*Provided entries*.
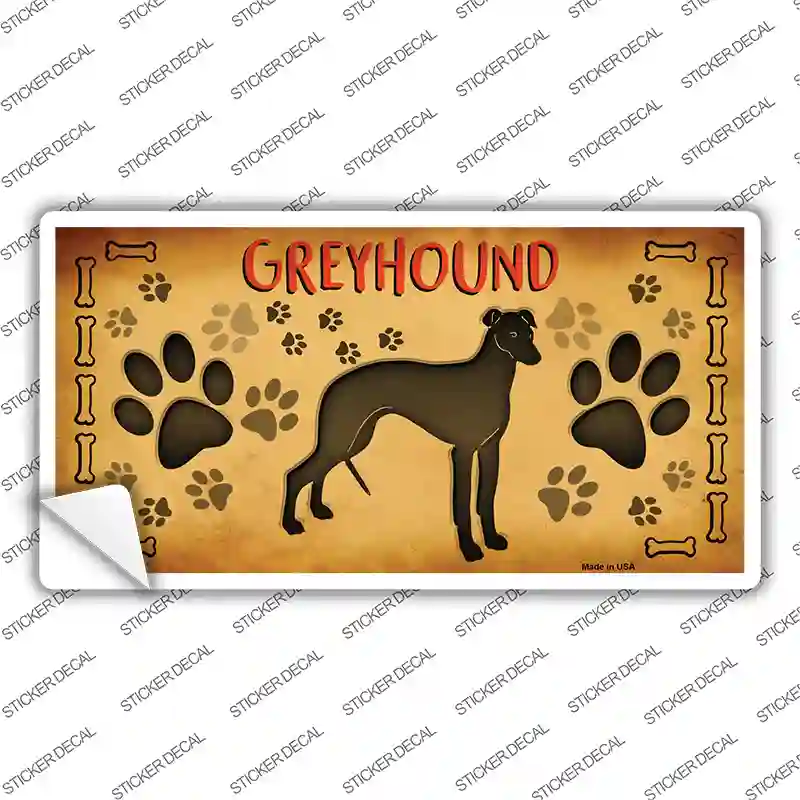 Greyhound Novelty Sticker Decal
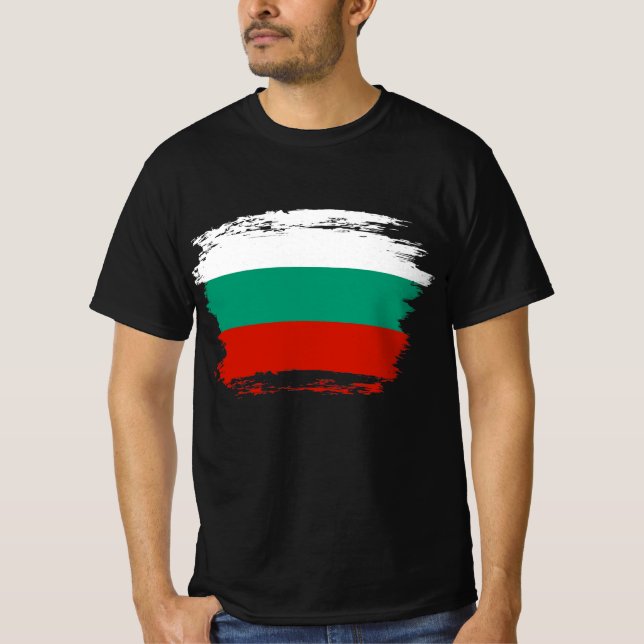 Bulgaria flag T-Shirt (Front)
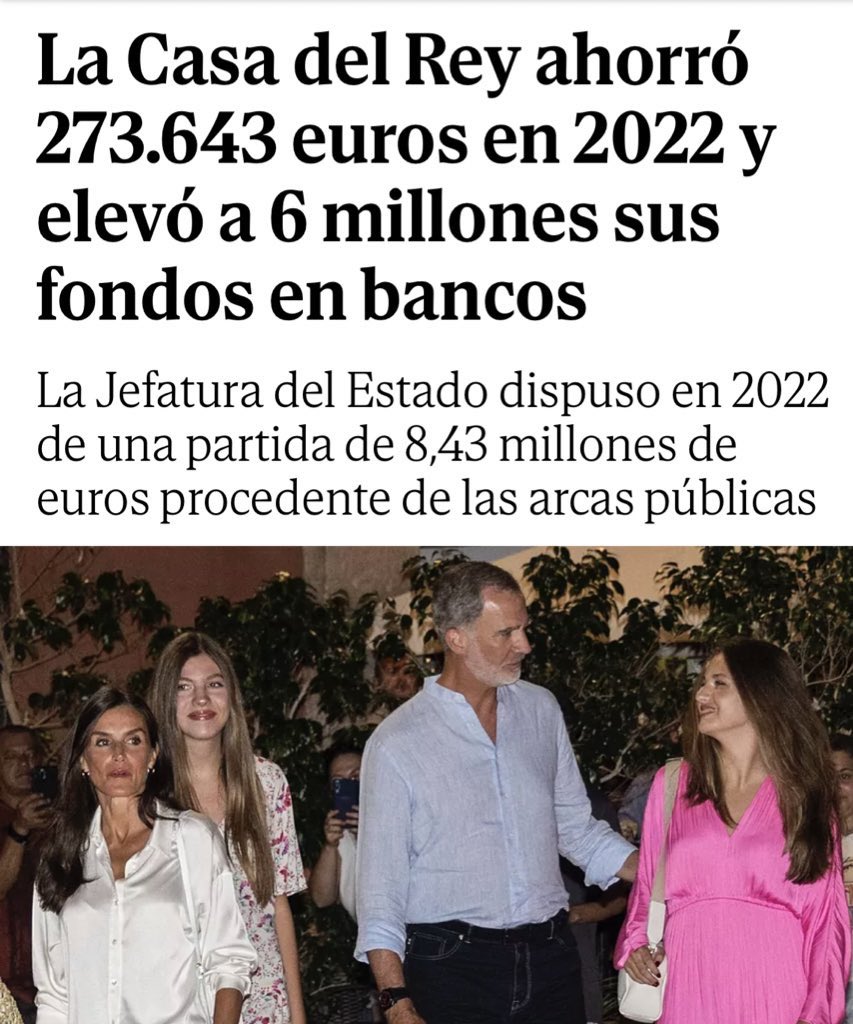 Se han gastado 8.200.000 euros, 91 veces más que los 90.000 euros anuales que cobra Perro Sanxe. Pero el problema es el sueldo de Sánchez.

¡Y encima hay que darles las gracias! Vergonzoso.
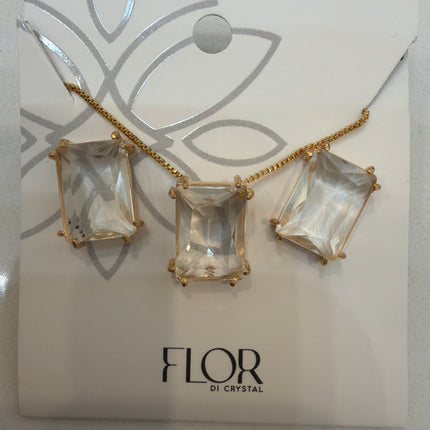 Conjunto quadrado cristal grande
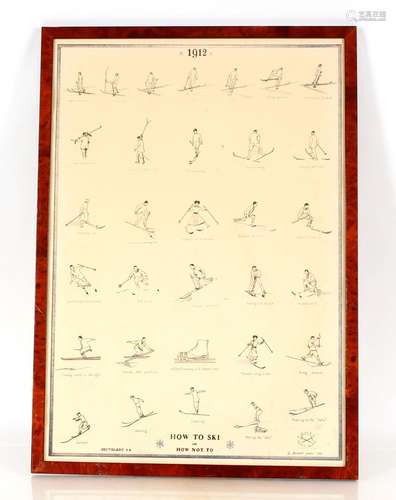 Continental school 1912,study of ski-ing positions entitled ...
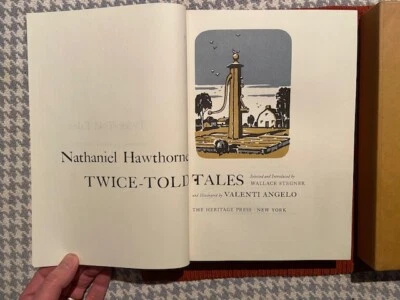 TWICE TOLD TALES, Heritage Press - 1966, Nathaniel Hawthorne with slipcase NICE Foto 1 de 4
...
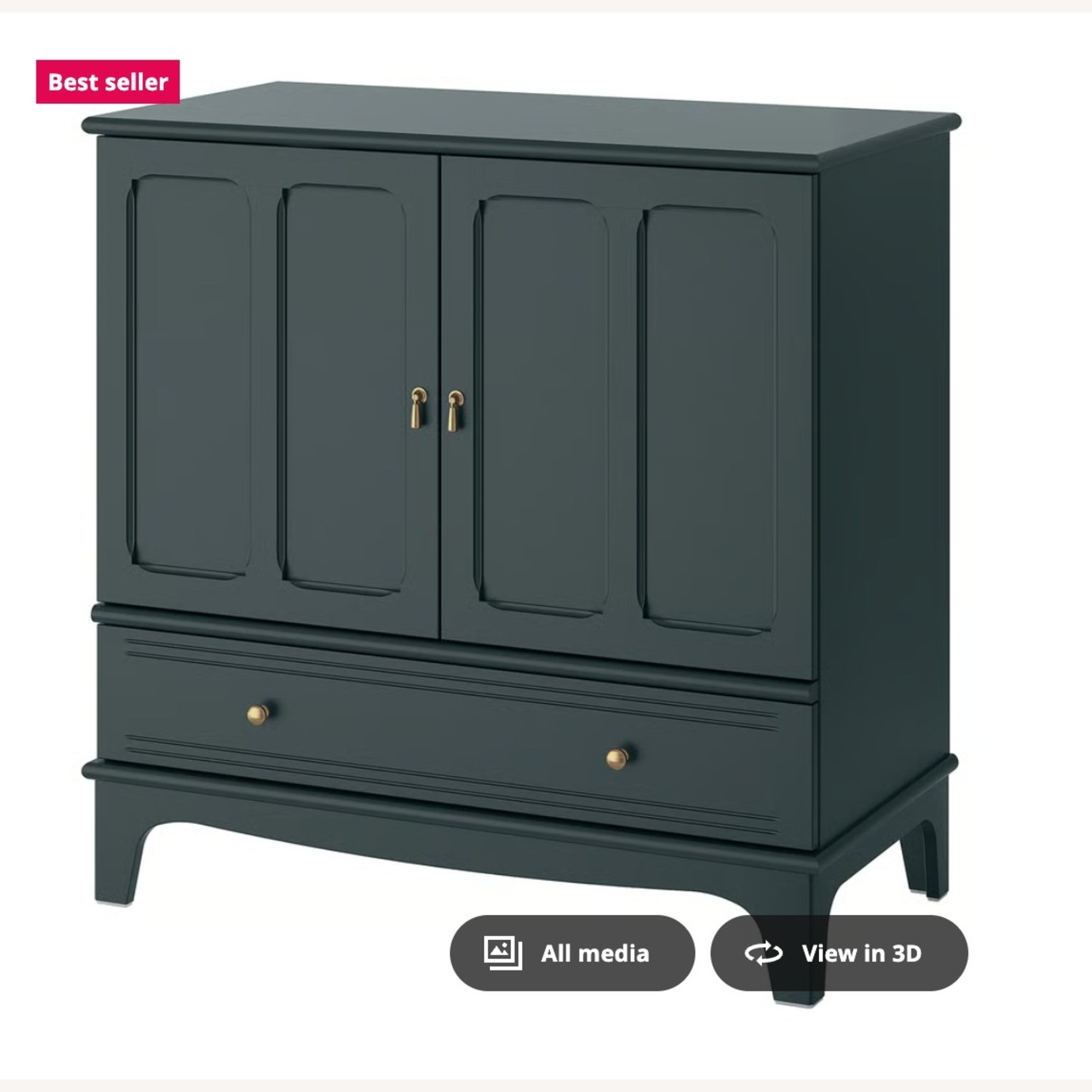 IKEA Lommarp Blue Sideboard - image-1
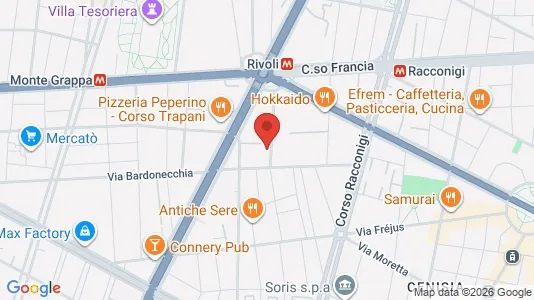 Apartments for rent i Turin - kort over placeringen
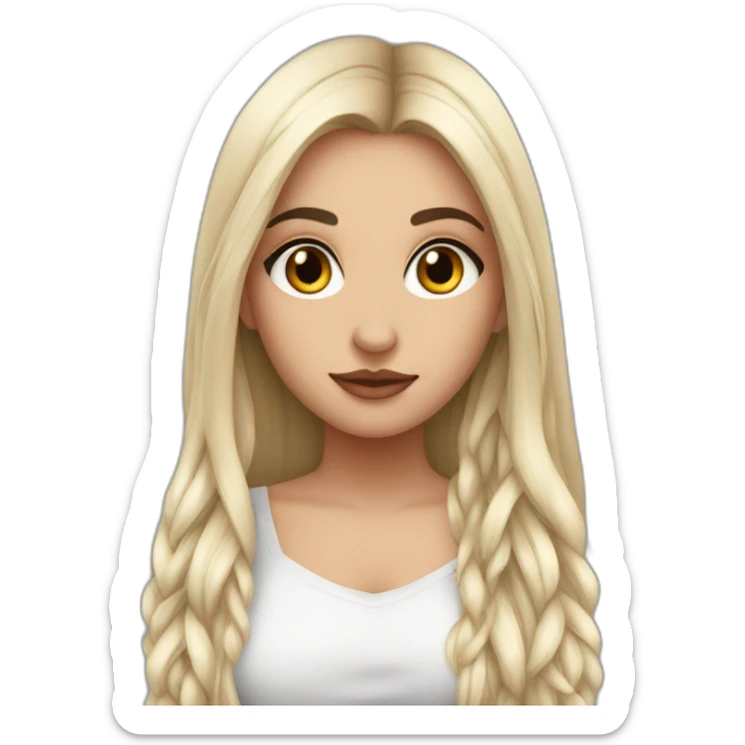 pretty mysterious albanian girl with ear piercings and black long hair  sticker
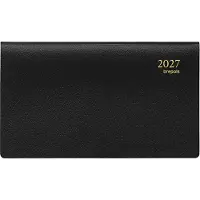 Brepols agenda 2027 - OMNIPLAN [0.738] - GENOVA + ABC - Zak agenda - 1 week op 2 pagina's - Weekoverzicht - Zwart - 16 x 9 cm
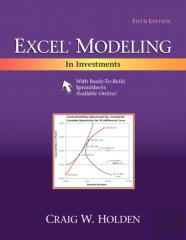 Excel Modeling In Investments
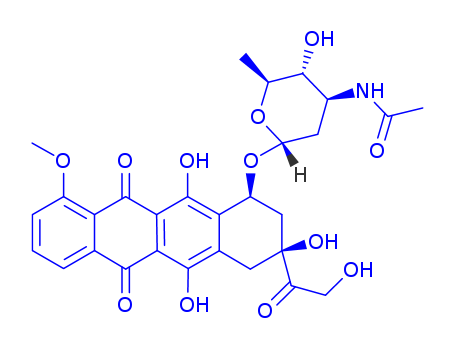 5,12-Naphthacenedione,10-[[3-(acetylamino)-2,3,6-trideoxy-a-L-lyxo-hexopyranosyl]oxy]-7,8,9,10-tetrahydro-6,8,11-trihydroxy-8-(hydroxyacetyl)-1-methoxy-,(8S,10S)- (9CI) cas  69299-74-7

*Prompt*. Reproduce the listing above exactly from the line containing "Bulgaria flag T-Shirt (Front)" up to and including the line containing "TWICE TOLD TALES, Heritage", omitting any images and everything outside those lines.

*Finished exercise*.
 Bulgaria flag T-Shirt (Front)
 Se han gastado 8.200.000 euros, 91 veces más que los 90.000 euros anuales que cobra Perro Sanxe. Pero el problema es el sueldo de Sánchez.

¡Y encima hay que darles las gracias! Vergonzoso.
 Conjunto quadrado cristal grande
 Continental school 1912,study of ski-ing positions entitled ...
 TWICE TOLD TALES, Heritage Press - 1966, Nathaniel Hawthorne with slipcase NICE Foto 1 de 4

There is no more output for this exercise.